Michael wrote:I took a look at the article and see where it is coming from about VR not being necessary for the basic dog owner teaching tricks to their dog. There is a substantial difference when it comes to parrots that makes me disagree that VR isn't necessary for most pet owners. Parrots are naturally wild animals so except for the positive reinforcement taming and training that we give them, they are difficult to handle. In order to get our parrots to step up reliably, come out of the cage, flight recall to us, not bite us, etc we cannot keep giving treats every single time or the parrot will be stuffed with treats in the first 5 minutes it spends with us. The more good behavior that we can move to a diluted variable ratio reinforcement schedule, the more domesticated the parrot's behavior appears to be.

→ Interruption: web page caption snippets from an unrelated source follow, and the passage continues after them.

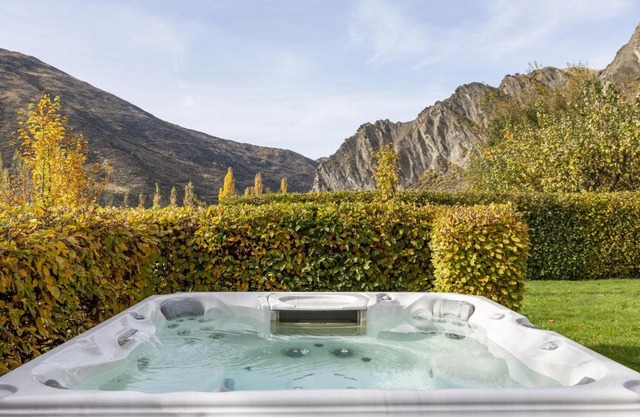Gibbston Valley Back Track by Sotheby's Luxury Rental Homes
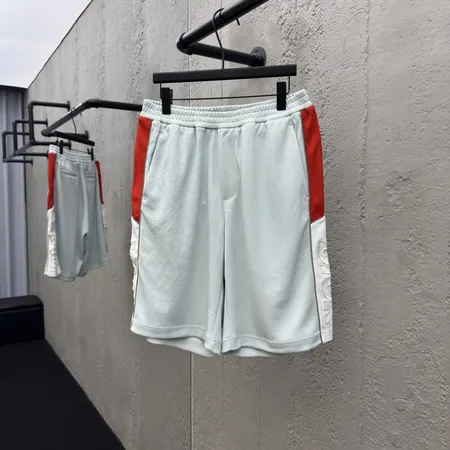 グッチ ショートパンツ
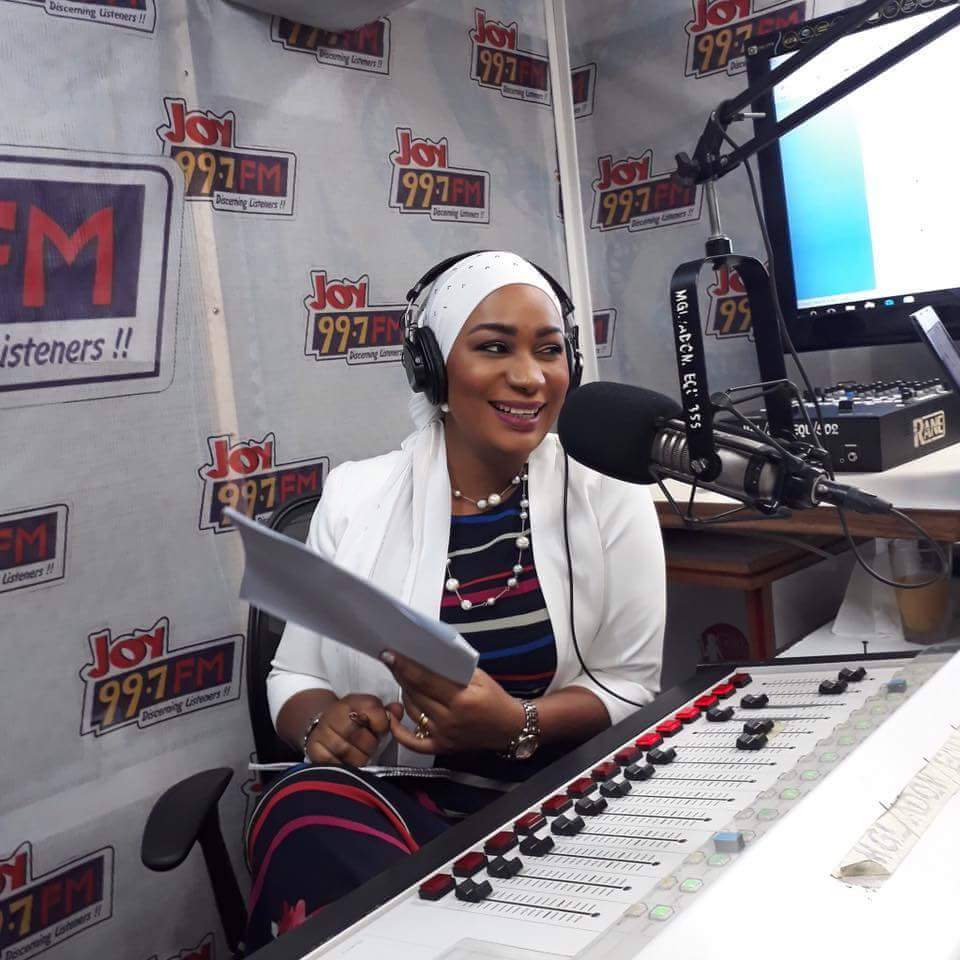 NanaAnsahObofou's tweet photo. #JoyFmStudios......Dis is wat de NDC hate to see.....#2ndLady #SamiraBawumia https://t.co/i6ZyOaKrw5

This is a good point, training a wild animal (such as a parrot) is very different from training a domesticated animal such as a dog. A dog is more likely to want to please its owner whereas a parrot is not motivated to "people please" and unless it is hungry enough to be motivated by treats it loses interest.
You definitely get a lot more out of a parrot when rewarding on a VR. For example, if I am doing a session with my GCC and he gets full, he just flies away. I try to anticipate this and end the session before he loses interest but sometimes I miscalculate and he just flies off. You're not really going to have that problem with a dog since it doesn't have wings, but good luck chasing down a flighted bird and trying to get it to train once it's full.
Michael wrote:As a side effect it has also taught my parrot to try harder when training new behavior. Sometimes the behavior I am soliciting in training something new just isn't click-worthy for a while. Since my parrot is used to clicks confirming all correct behaviors, it makes her realize she is doing things wrong and makes her keep trying to get it right. Better yet, since she is so accustomed to training in this manner, she even varies the behaviors she offers until it's right enough to earn a click.
I've experienced something like this when training my Poi. When I was training "wings" I used capturing so at first it was just him lifting his wings at the shoulder, folded. I wanted him to extend his wings but after a month of working on it I wasn't seeing any progress whatsoever. I decided I'd withhold the click until I got even a tiny amount more. When he didn't get a click after a few tries he varied the behavior and really surprised me with a complete lateral wing stretch. I was only looking for a tiny stretch so that was far more than I was expecting! I clicked and made a big deal out of it and offered him a jackpot reward. When I cued "eagle" again he initially offered the folded shoulder lift but when that didn't get a click after he tried it twice, he fully stretched his wings out laterally again on the third try. The next time I cued eagle he immediately did the lateral stretch.
I know you could get the similar results in shaping with a bird that wasn't used to the clicker as CFR and food as VR but I don't know if you could get them as quickly, nor do I think the bird would vary its behavior so readily.